La guerre qui changea l’Europe

Le 7 octobre 1870, Léon Gambetta, ministre de l’Intérieur français, parvient à s’enfuir de Paris, assiégé, en montgolfière © Getty Images

La passionnante série documentaire «1870-1871 – La guerre franco-prussienne» revient sur le conflit qui transforma l’Europe. À voir ce lundi à 9 h 25 sur Arte.

Le 19 juillet 1870, la France de Napoléon III entre en guerre contre la Prusse de Guillaume Ier, alliée à plusieurs États allemands. Après quelques mois, la France doit accepter la défaite, la perte de l’Alsace et de la Lorraine. Et les Français sombrent bientôt dans un nationalisme revanchard, qui se diffusera pendant la Belle Époque et conduira à la Première Guerre mondiale… Entretien avec l’historienne française Julie d’Andurain, l’une des intervenantes d’une fresque passionnante sur ce conflit, «1870-1871 – La guerre franco-prussienne» (en trois volets), diffusée lundi matin sur Arte.

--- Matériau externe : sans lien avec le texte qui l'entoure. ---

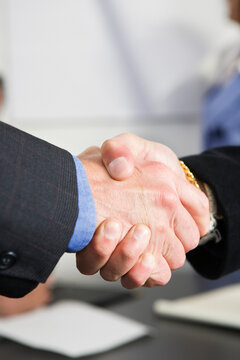 View of businessmen shaking hands in an office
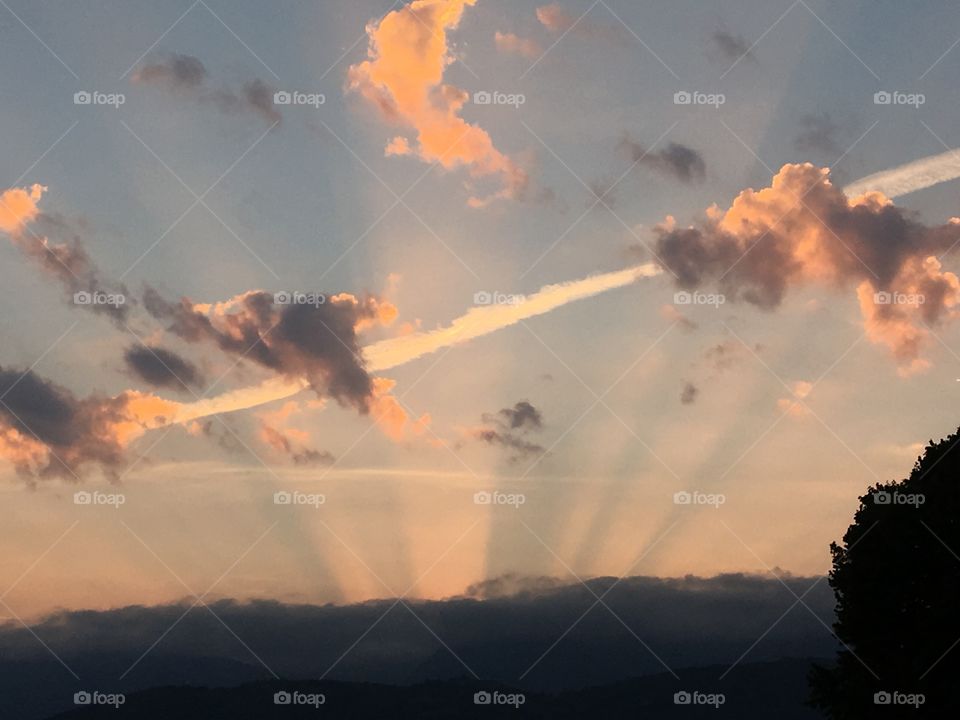 Sun beams in sky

Julie d’Andurain, quelle est la nature de la guerre franco-prussienne ?

Des États allemands coalisés dirigés par la Prusse mènent des attaques dans le nord et l’est de la France, vers la Loire et autour de Paris. Les combats, d’une violence inédite, entraînent de lourdes pertes, l’armée française ayant surestimé ses capacités militaires. En outre, pour la première fois dans l’histoire des conflits, la résistance vient des civils, ce qu’évoque notamment l’émouvant Journal 1867-1871 de Geneviève Bréton (Éd. Ramsay, 1985, ndlr).

En quoi ce journal constitue-t-il une source passionnante ?

Il s’agit du témoignage rare d’une jeune femme de bonne éducation, issue d’un milieu bourgeois et qui s’exprime très bien. Son père la laisse libre de choisir son mari, ce qui est extraordinaire pour l’époque. Lorsque la guerre éclate, sa vie bascule. Elle prend alors conscience à la fois de la légèreté des années précédentes et de la difficulté de survivre. Paris assiégé est en proie à la famine et l’unique solution consiste parfois, comme elle le relate, à se nourrir de rats ou de chiens errants. Elle évoque aussi le rôle prépondérant des femmes et leur dévouement pour parvenir à trouver des moyens de subsistance. Pour moi, son journal représente une amorce de féminisme.

La série s’appuie aussi sur les spectaculaires photographies de William Howard Russell, l’un des premiers correspondants de guerre…

À cette époque, on les nomme des publicistes, c’est-à-dire des journalistes qui ne sont pas tenus de nuancer leur propos et affichent leurs opinions. D’origine irlandaise, Russell a notamment couvert la guerre prusso-danoise en 1850, date à laquelle on commence à utiliser la photographie pour rendre compte des conflits. Avec l’essor de la presse, son usage se généralise durant la guerre de Sécession. Pour la première fois, le public découvre des images de cadavres. Par respect pour les victimes et leurs familles, les éditeurs de presse décident alors de ne plus montrer les morts de leur propre camp. Seules les images des rangs adverses sont utilisées à des fins de propagande.

Qu’est-ce que cette guerre a changé ?

Avec la défaite française et la constitution d’une Allemagne forte, elle conditionne une bonne partie du XXe siècle et notamment ce sentiment de revanche qui va conduire à la Première Guerre mondiale. Par ailleurs, la France ne regarde plus vers la ligne bleue des Vosges pour élargir ses frontières, mais mise sur la conquête coloniale.